[Exercise aim] Every record below is to be retyped exactly, with any pictures left out.

[Material supplied]
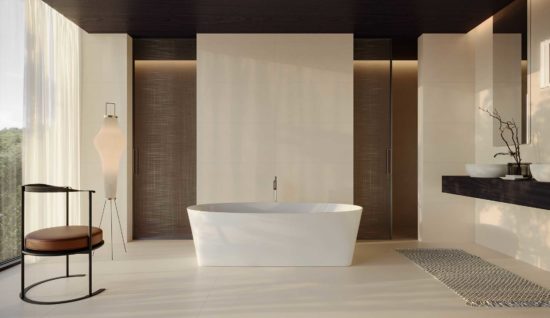 Serene Ivory 18x36 | Qualis Ceramica | Luxury Tile and Vinyl at affordable prices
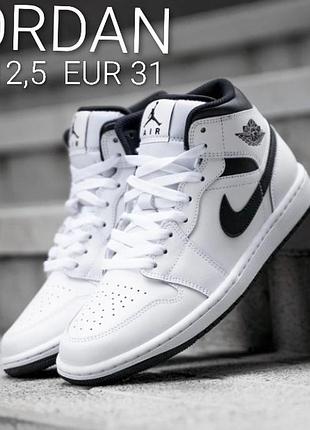 Кожаные крутые хайтопы высокие кроссовки бренда air jordan 1 mid. 799 12,5 eur 31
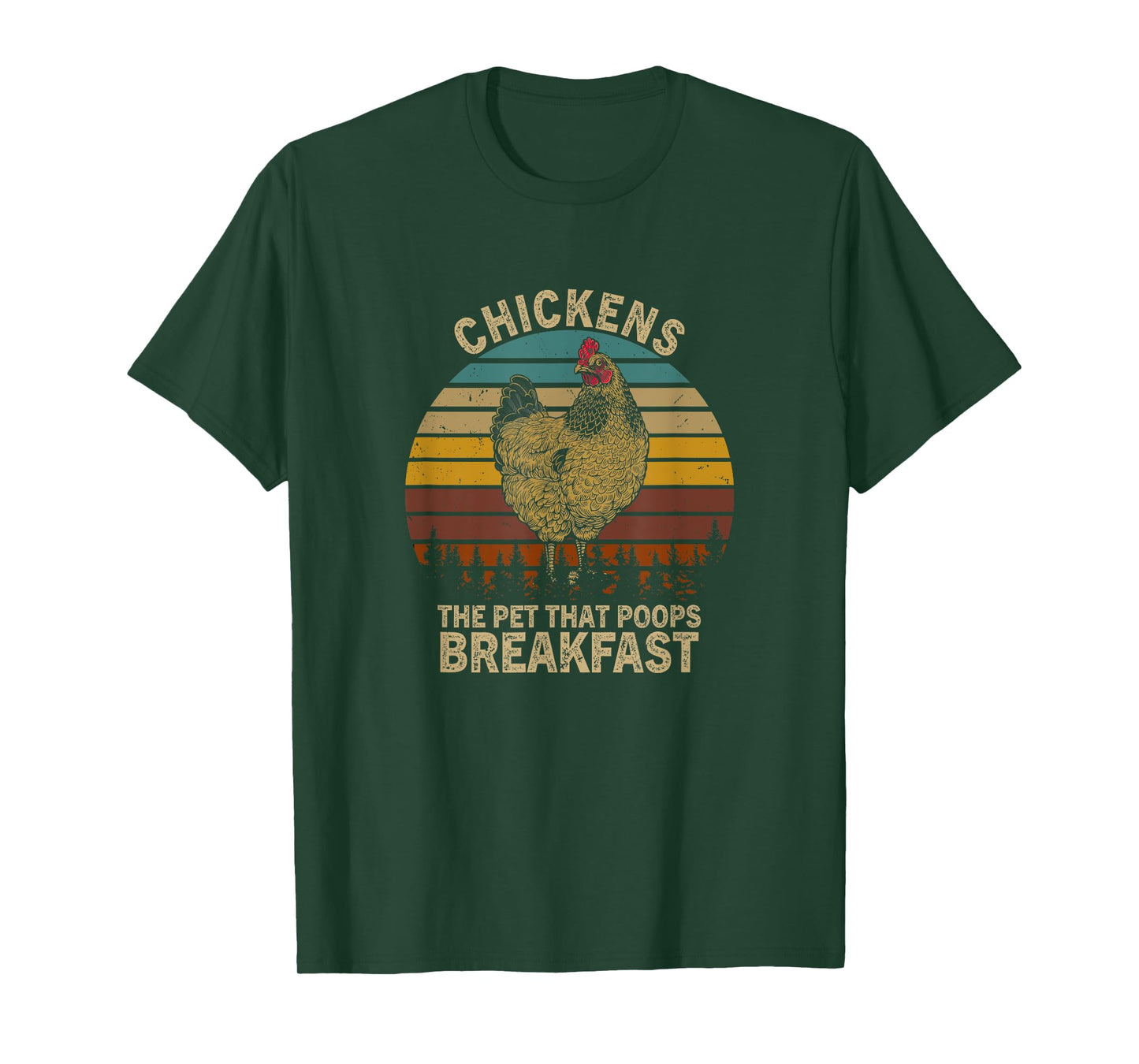 Vintage Chickens the Pet that Poops Breakfast Funny Farmer T-Shirt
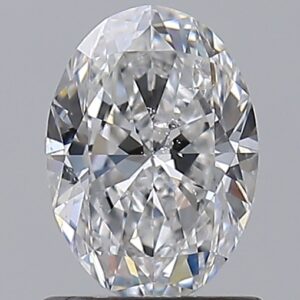 0.96 carat, E colour, SI2 clarity, Oval shape, Natural Diamond.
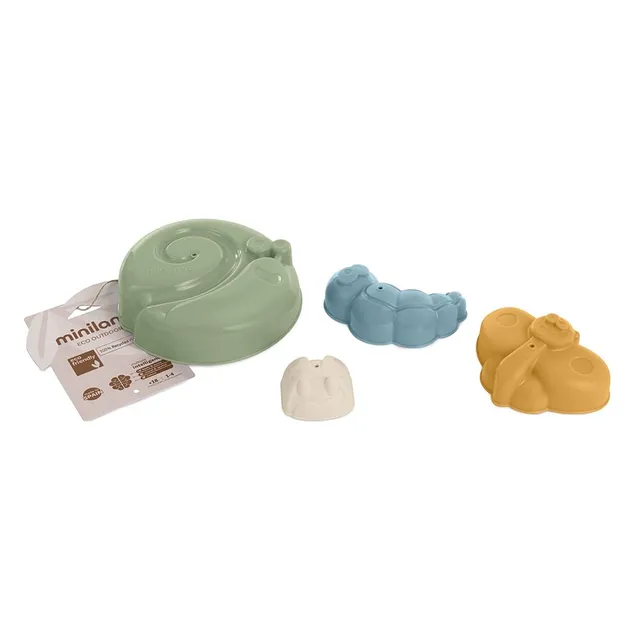 Miniland Outdoor ECO Sandspielset Cool 4 Sandformen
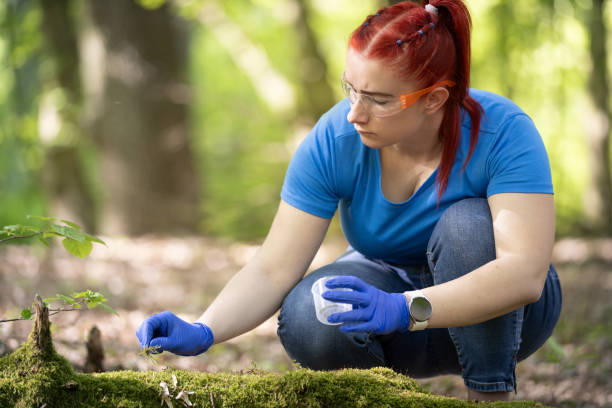 istock A young female biologist scientist taking plant sample 2153038910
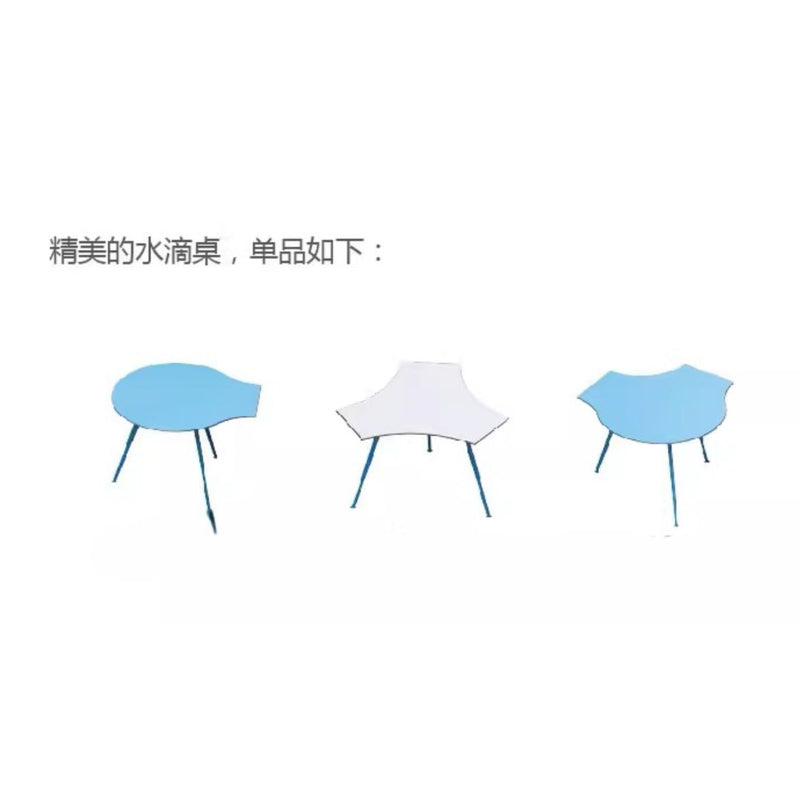 KAD 55 Verde 單層水滴自由組合桌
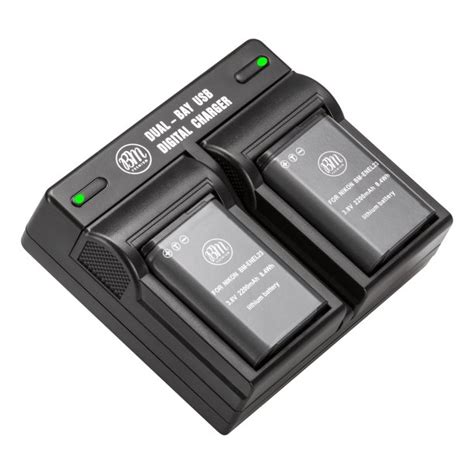 Bm Premium 2 Pack Of En El23 Batteries And Dual Battery Charger For Nikon Coolpix B700 P900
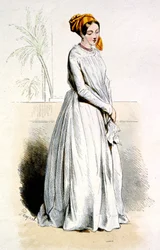 カイエンヌのクレオール人女性、1850年頃（エングレーヴィング）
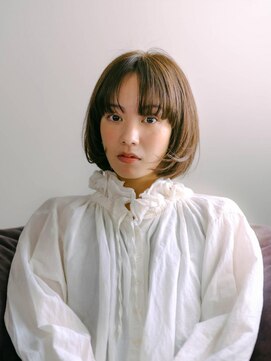 ベンジー 薬院大通店(benji) 《benji》ボブ顔まわりレイヤー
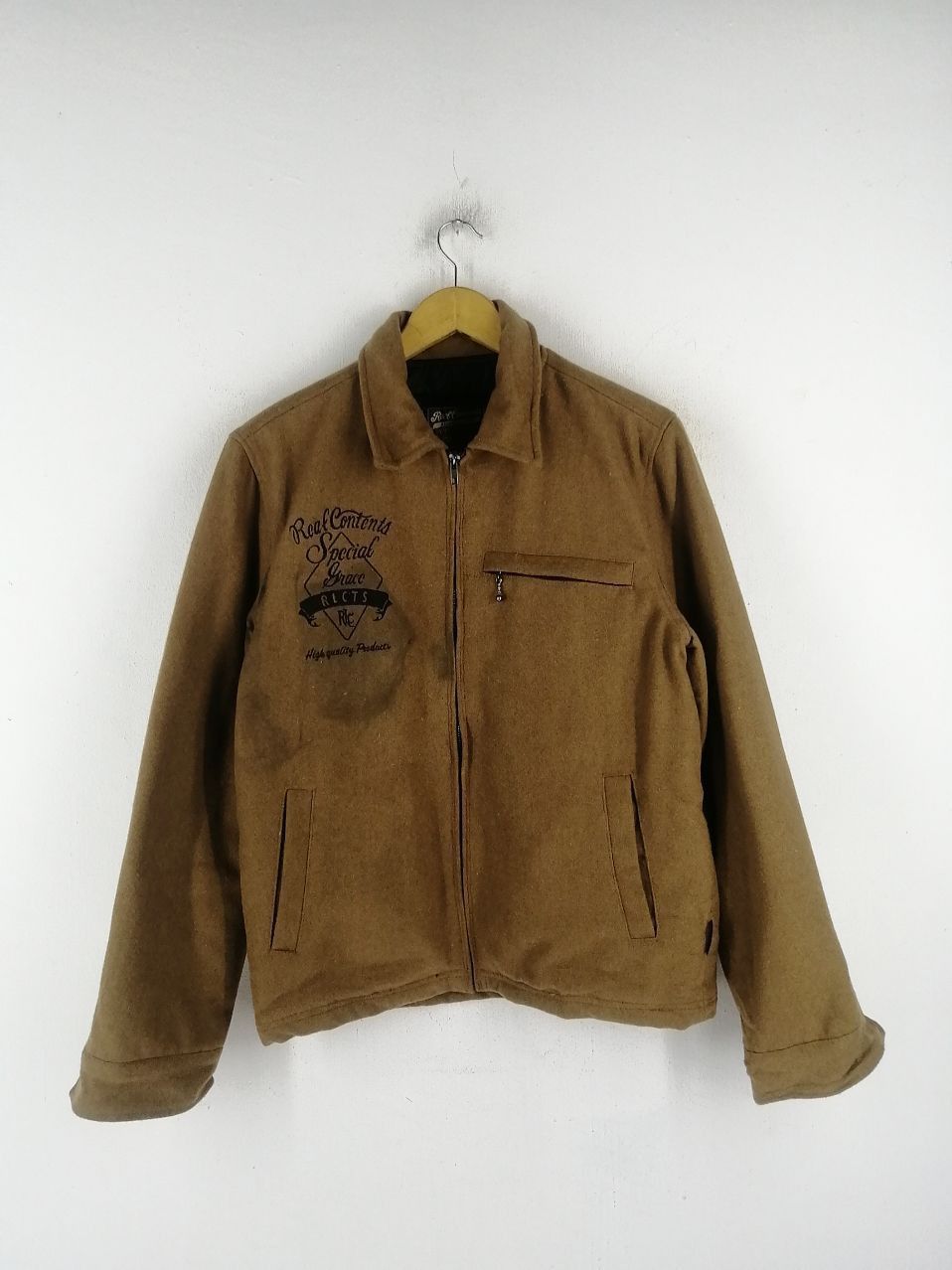 Japanese Brand Real Content Special Brown Wool Jacket Size US L / EU 52-54 / 3 - 1 Thumbnail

[Answer space]
 Serene Ivory 18x36 | Qualis Ceramica | Luxury Tile and Vinyl at affordable prices
 Кожаные крутые хайтопы высокие кроссовки бренда air jordan 1 mid. 799 12,5 eur 31
 Vintage Chickens the Pet that Poops Breakfast Funny Farmer T-Shirt
 0.96 carat, E colour, SI2 clarity, Oval shape, Natural Diamond.
 Miniland Outdoor ECO Sandspielset Cool 4 Sandformen
 istock A young female biologist scientist taking plant sample 2153038910
 KAD 55 Verde 單層水滴自由組合桌
 Bm Premium 2 Pack Of En El23 Batteries And Dual Battery Charger For Nikon Coolpix B700 P900
 カイエンヌのクレオール人女性、1850年頃（エングレーヴィング）
 ベンジー 薬院大通店(benji) 《benji》ボブ顔まわりレイヤー
 Japanese Brand Real Content Special Brown Wool Jacket Size US L / EU 52-54 / 3 - 1 Thumbnail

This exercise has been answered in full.